Stephen Beeson, M.D.: Yeah. It, it’s a great question and I think everybody needs to have. A chance to remember why they are here and to think back in those dark moments. Those [00:14:00] those moments of doubt and those moments of where we’re just, I’m in a posture. I don’t know what I’m doing and everybody’s gonna figure it out. I, they’re gonna say, you left this for that, and now you’ve accrued debt and you’ve got nothing to show for it, and you burn through your investor’s money. Nice job and I just couldn’t have that story be, but it, that cloud it, it can keep you up at night. But the thing that I went to, to get me through that was just remembering what my experience was like in terms of becoming the kind of clinician that I was super proud of.
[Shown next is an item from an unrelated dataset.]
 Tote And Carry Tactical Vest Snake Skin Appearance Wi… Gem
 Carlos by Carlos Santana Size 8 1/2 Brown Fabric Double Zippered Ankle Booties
Remembering what my colleagues would say when they learn simple things about how do they impact their team and how do they encourage others, how do they connect with patients and become. , you know, it’s just a force for good for the patients, for their teams, for their organizations, and how awesome that felt. And and to gather stories and feedback from people that were using an early version of what we were doing to say, [00:15:00] you know, this is I forgot. Wow, I was doing this, but this thing that you developed is reminding me of why I’m here. And it got me through a dark night myself. And you know, harkening back to those purposeful moments and why this mattered and why I took the leap at the beginning was what got me through some, you know, pretty rough.
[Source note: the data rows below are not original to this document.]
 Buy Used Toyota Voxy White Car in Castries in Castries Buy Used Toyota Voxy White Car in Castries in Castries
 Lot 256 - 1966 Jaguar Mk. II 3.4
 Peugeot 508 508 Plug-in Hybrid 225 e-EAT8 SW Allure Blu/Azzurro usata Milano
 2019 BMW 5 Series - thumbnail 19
Tarun Kapoor, M.D.: And see when we were talking earlier, you say That the, it’s still, there were still these obstacles, there were still these really tough decisions came along even when you got past the initial piece of where you started to get some business coming in and some contracts, and actually you’re getting success share a little bit of,

Stephen Beeson, M.D.: Oh

Tarun Kapoor, M.D.: it’s still not done right. The tough calls are still not done.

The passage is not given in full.